As pessoas pensam dentro do seu quadradinho. O presidente do Quênia, por exemplo, disse que não mandaria atletas para a Olimpíada se o país se mostrasse incapaz de resolver a epidemia de zika.

Acontece que a tarefa não é apenas do Brasil. Obama pediu dinheiro ao Congresso, também para os países atingidos. O vírus não nasceu aqui. Possivelmente veio da Polinésia, com atletas que disputaram uma regata no Rio. E chegou à própria Polinésia através de Uganda. A humanidade está no mesmo barco, sobretudo com a globalização. No entanto, no epicentro desse drama mundial, o país canta e dança feliz. Sua presidente pedala, os líderes estão enfurnados em sítios e tríplex de propriedade duvidosa.

Desde o fim de 2015, insisto na tecla de que é uma crise econômica, ambiental, sanitária e, certamente, moral. A seca, por exemplo, foi agravada pelo El Niño. Ele já dura quase cinco anos no sertão do Nordeste. Não gostaria de ver Dilma na região vertendo algumas lágrimas, porque isso Dom Pedro já fez. Gostaria de vê-la trabalhando, articulando providências, traçando planos emergenciais.

Da mesma forma, um presidente precisava tratar do tema do zika com uma dedicação e frequência maior do que um simples discurso de TV, escrito por um marqueteiro. O que ela produziu de novo foi a frase: precisamos acabar com o mosquito, antes que ele nasça. Ao visitar no domingo uma barragem completamente seca em Acopiara, uma cidade de 70 mil habitantes, tive uma dolorosa intuição: a crise, a seca, a epidemia acontecendo num país corroído moralmente, com os líderes correndo da polícia, negociando tudo para se manter no cargo — tudo isso pode resultar em tragédia.

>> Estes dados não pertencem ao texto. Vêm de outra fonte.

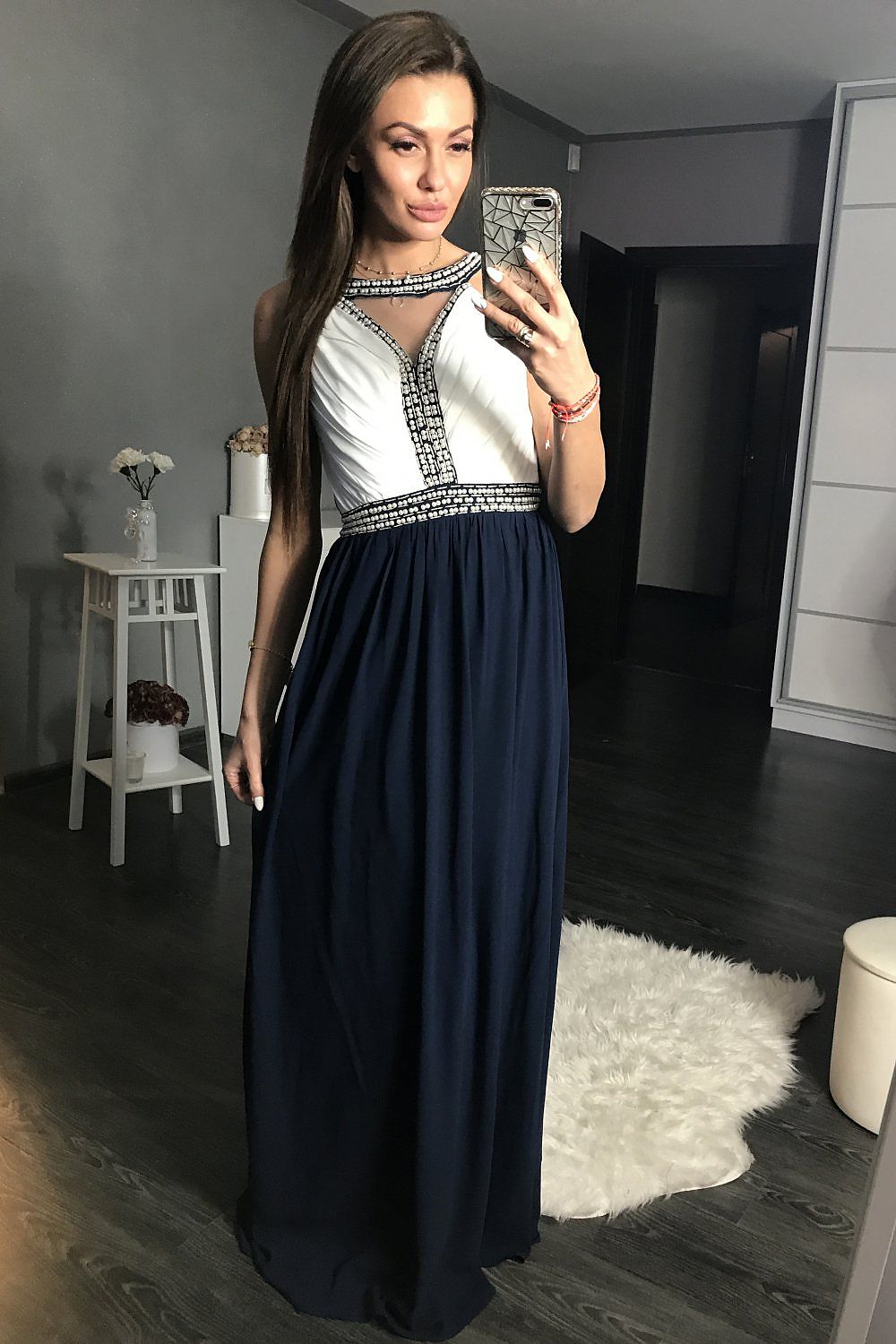 Long dress model 105281 YourNewStyle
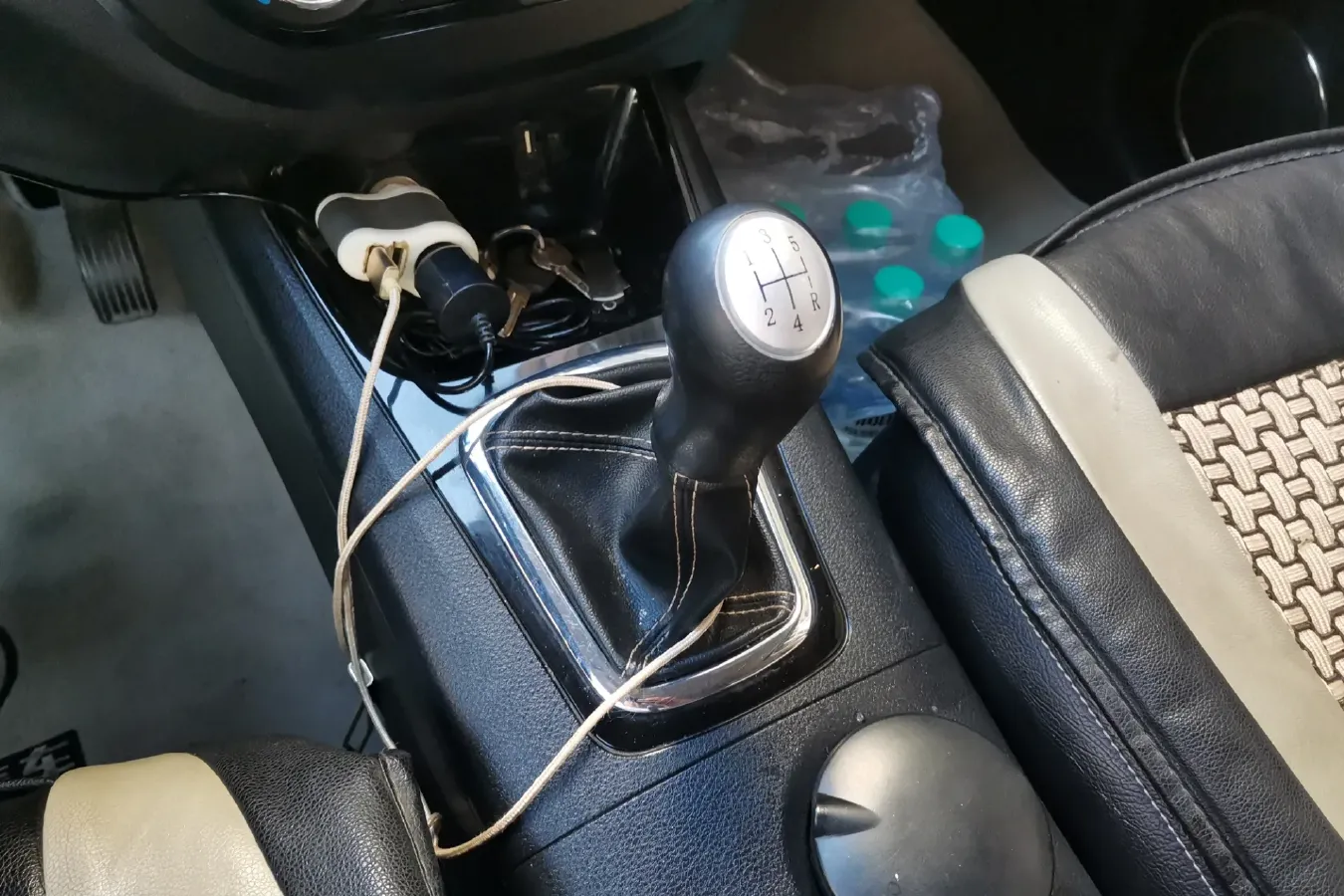 2015 DongFeng Forthing Joyear X3 1.5L 120HP L4 5MT,autocango,china used car exporter,china ev exporter,chinese used car exporter,chinese used ev exporter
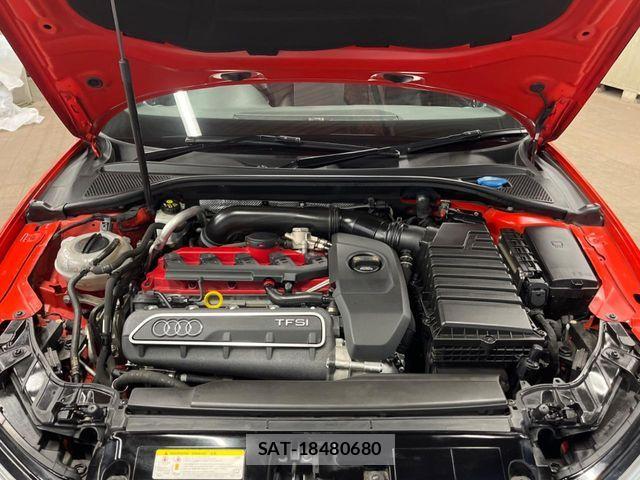 Audi RS3 SPORTBACK 2016-04 6813839-18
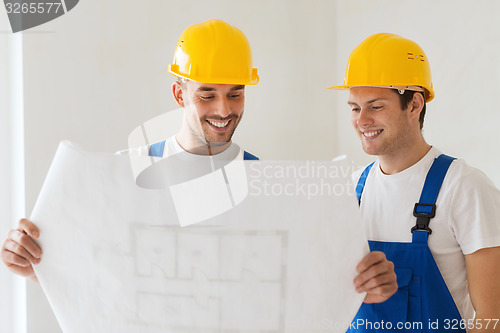 Image of group of builders with blueprint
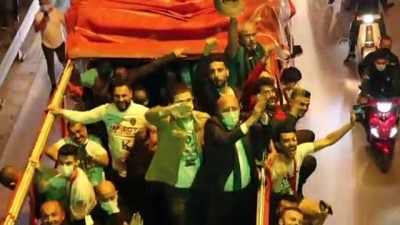 KOCAELİ - TFF 1. Lig'e yükselen Kocaelispor'u kentte taraftarlar karşıladı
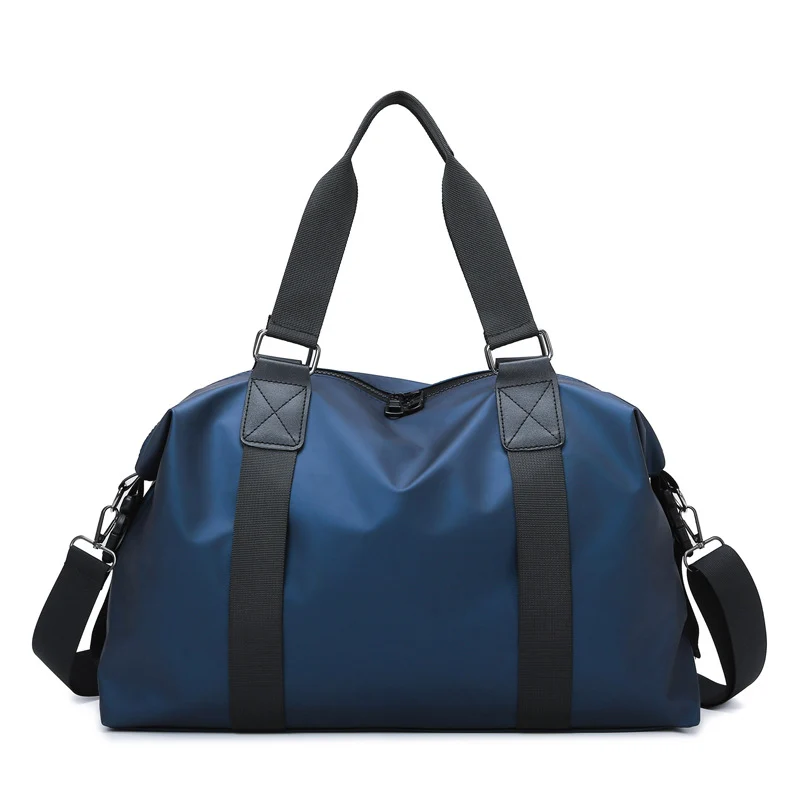 Sportliche Reisetasche aus wasserabweisendem Material und verstellbaren Griffen Skanto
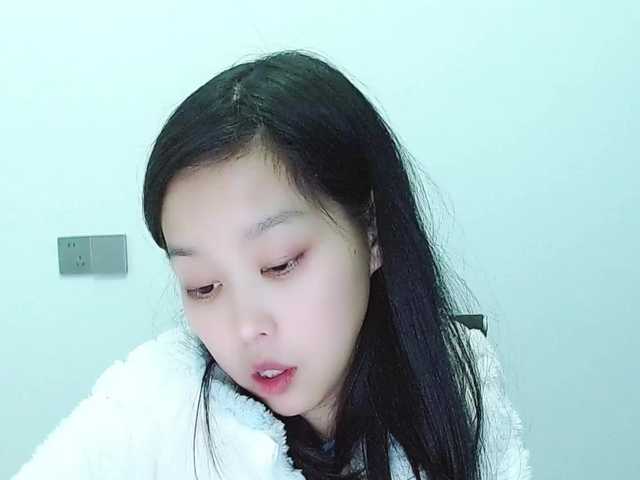 Selinababy99's BongaCams show and profile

E a tragédia não reside somente nos fatores externos, mas na própria cabeça dos brasileiros. Como admitir que, nessas circunstâncias epidêmicas e emergência internacional, esteja se buscando um ministro da saúde no PMDB? No entanto, a escolha do ministro transforma-se num subproduto da luta entre a família Picciani e Eduardo Cunha.

Seria o caso de uma invasão internacional, não com mariners ou forças de paz, mas com enfermeiros e psicólogos, pois o país que tem crianças com microcefalia perdeu a cabeça.